(Beginning of DATA PROVIDED)
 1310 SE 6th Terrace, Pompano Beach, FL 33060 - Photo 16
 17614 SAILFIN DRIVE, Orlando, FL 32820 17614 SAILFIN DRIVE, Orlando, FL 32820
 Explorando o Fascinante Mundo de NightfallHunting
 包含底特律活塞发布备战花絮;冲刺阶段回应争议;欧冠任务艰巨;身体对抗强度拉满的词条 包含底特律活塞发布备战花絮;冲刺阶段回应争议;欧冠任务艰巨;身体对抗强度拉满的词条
(End of DATA PROVIDED)
[TASK]: All lines above are to be transcribed exactly.

[TASK ANSWER]:
 1310 SE 6th Terrace, Pompano Beach, FL 33060 - Photo 16
 17614 SAILFIN DRIVE, Orlando, FL 32820 17614 SAILFIN DRIVE, Orlando, FL 32820
 Explorando o Fascinante Mundo de NightfallHunting
 包含底特律活塞发布备战花絮;冲刺阶段回应争议;欧冠任务艰巨;身体对抗强度拉满的词条 包含底特律活塞发布备战花絮;冲刺阶段回应争议;欧冠任务艰巨;身体对抗强度拉满的词条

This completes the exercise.